Although all three novels are unique experiences, Amy excels in creating strong believable teenage female characters, brooding horror in familiar family settings with freaky supernatural riffs, a combination which is perfect for captivating teenage readers.

Ginger Nuts of Horror has been a fan of Amy for a while and our reviews of her two previous novels can be found behind the links below. When we reviewed her debut novel we wrote “there is a new kid on the block in the world of YA horror.” How right we were…

Daughters unto Devils:
Woman in the Walls:

I have been involved professionally with YA literature for over two decades and have a lifelong interest in horror, and in all those years I can think of very few YA authors who have written three such vividly strong YA horror novels in succession to begin their career. This is one of the reasons I am very surprised Amy has been overlooked thus far for the YA section of the prestigious Bram Stoker Award which is presented annually by the Horror Writer’s Association? I have read virtually all short-listed books over the last few years, and sure there are some good books featured, but I see the omission of Amy as a major oversight from the HWA. Let’s hope they do not make the same mistake again and “The Ravenous” gets the nomination a novel of its quality richly deserves.

Onto the interview.

GNoH: Family, or family/parental issues, are an interconnecting theme in all three of your novels. What’s your fascination with what goes on behind the curtains?

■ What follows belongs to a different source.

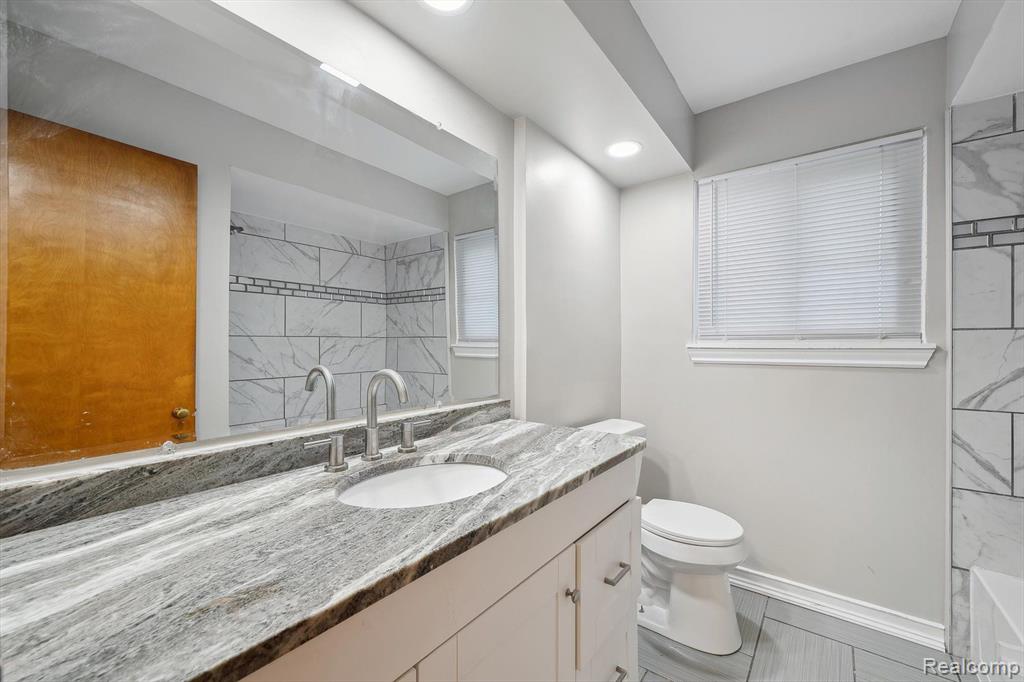8356 GLENGARY Street, Dearborn Heights, MI 48127 — Photo 17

Amy: I've always been intrigued by stories that delve into family relationships; between siblings, between parents, between grandparents. I just think those dynamics are well worth exploring in fiction, and my characters always become more complex and interesting when I tap into the emotions they have surrounding their family members. 

GNoH: Although all three novels are obviously for teens, they are only a small step away from fully fledged adult horror fiction, is this something we can expect from you in the future?

Amy: I absolutely plan on breaking into the adult market eventually! I'm working on my first adult horror now and I'm very excited to see what becomes of it.

GNoH: Apart from the obvious big sellers in the teen market, which YA horror writers do you read/recommend? The obscurer the better, we know it all…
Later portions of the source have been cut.